Queens District Attorney Richard Brown will meet with local leaders tomorrow to discuss what his office is doing to fight crime in the borough. NY1's Ruschell Boone filed the following report on a key initiative designed to get illegal guns off the street.
The Queens district attorney says while overall crime in the borough is down, homicides are up. There were 95 last year, 23 more than the year before.
District Attorney Richard Brown says that's not a high number given the size of the borough, but any increase is still troubling. In response, he will announce on Friday a Queens Gun Buyback Program – the first ever in the borough.
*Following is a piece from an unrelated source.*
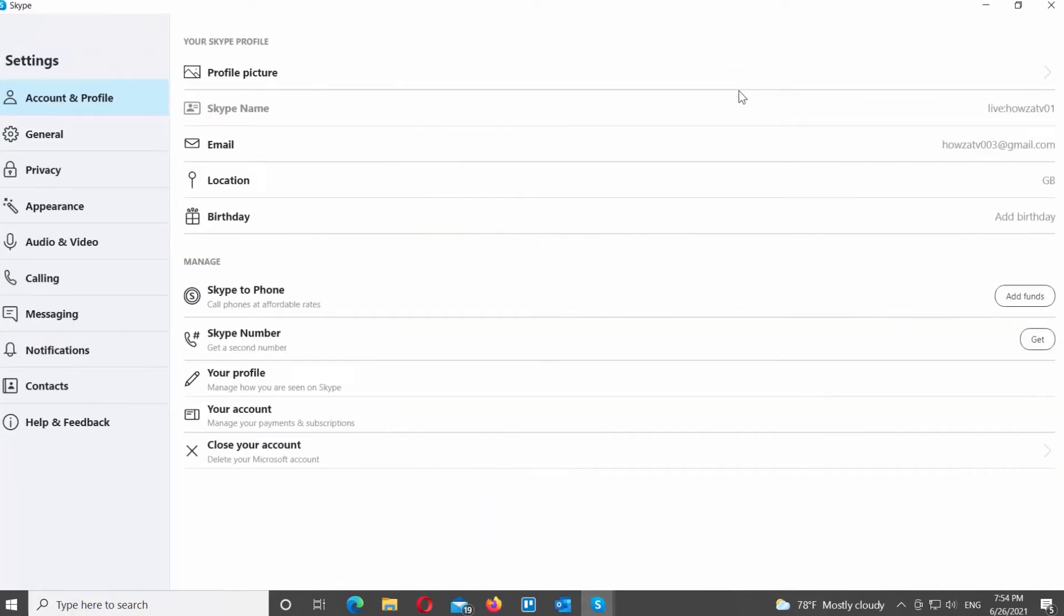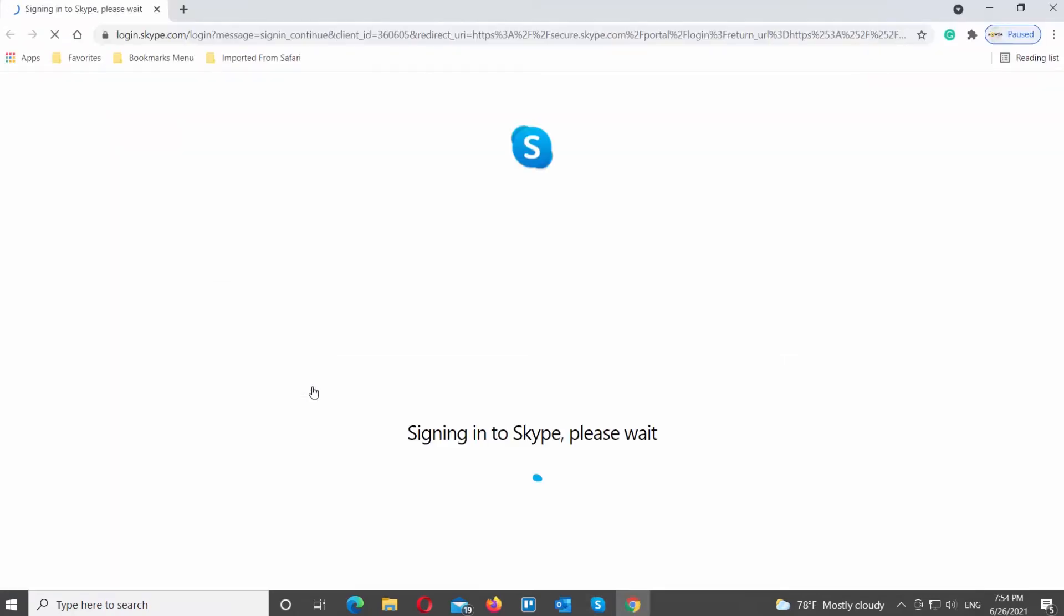Select Account and Profile from the left list. Click on your profile on the right side of the window. It will open an online settings page.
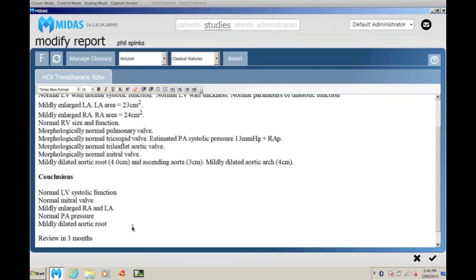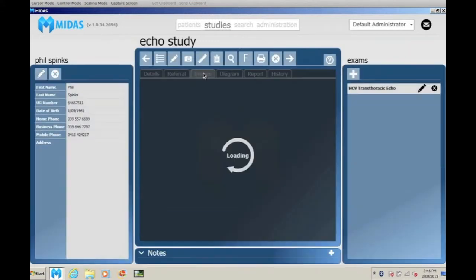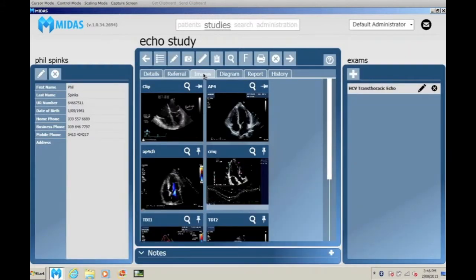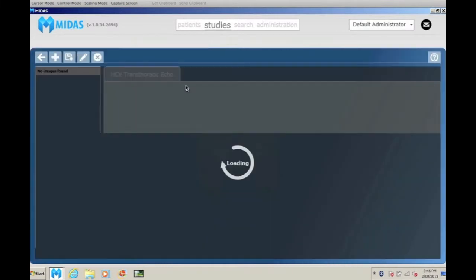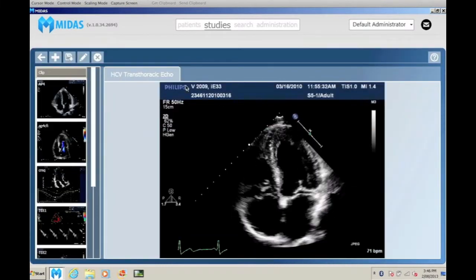Ultrasound images, video clips and other photos can be sent to MIDAS and selected pictures pinned to the final report.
"The Southeast Queens community particularly has expressed concerns to us about the number of shootings, the number of homicides, and the drive-by shootings that have occurred from time to time," said Brown. "So anything we can do to get the guns off the street is something that we certainly want to do."
The DA says he's working on the details with the New York City Police Department, elected officials, and local clergy. The buyback program would allow people to turn in illegal guns to churches in exchange for $200.
The program is just one of several initiatives the DA says his office is working on to fight crime in the borough.
"We also gotten ourselves involved in a lot of cutting-edge programs, such as our ankle bracelet program for domestic violence victims and for DWI offenders," said Brown.
But even as he prepares to outline his initiatives and accomplishments, the DA says lawmakers will also hear about an increase in crimes he believes are related to the struggling economy. These crimes include real estate fraud and robberies.
"You begin to see things like bank robberies increase and you begin to see things like street robberies," Brown said. "You see kids getting involved. We have, like I think all areas of the city, an upswing in terms of gang violence."
To help combat those and other crimes, the DA says he is hoping the lawmakers attending the breakfast will make sure the economy does not take a toll on his budget. He's hoping they with continue to fight for funding for his office on the city, state, and federal level.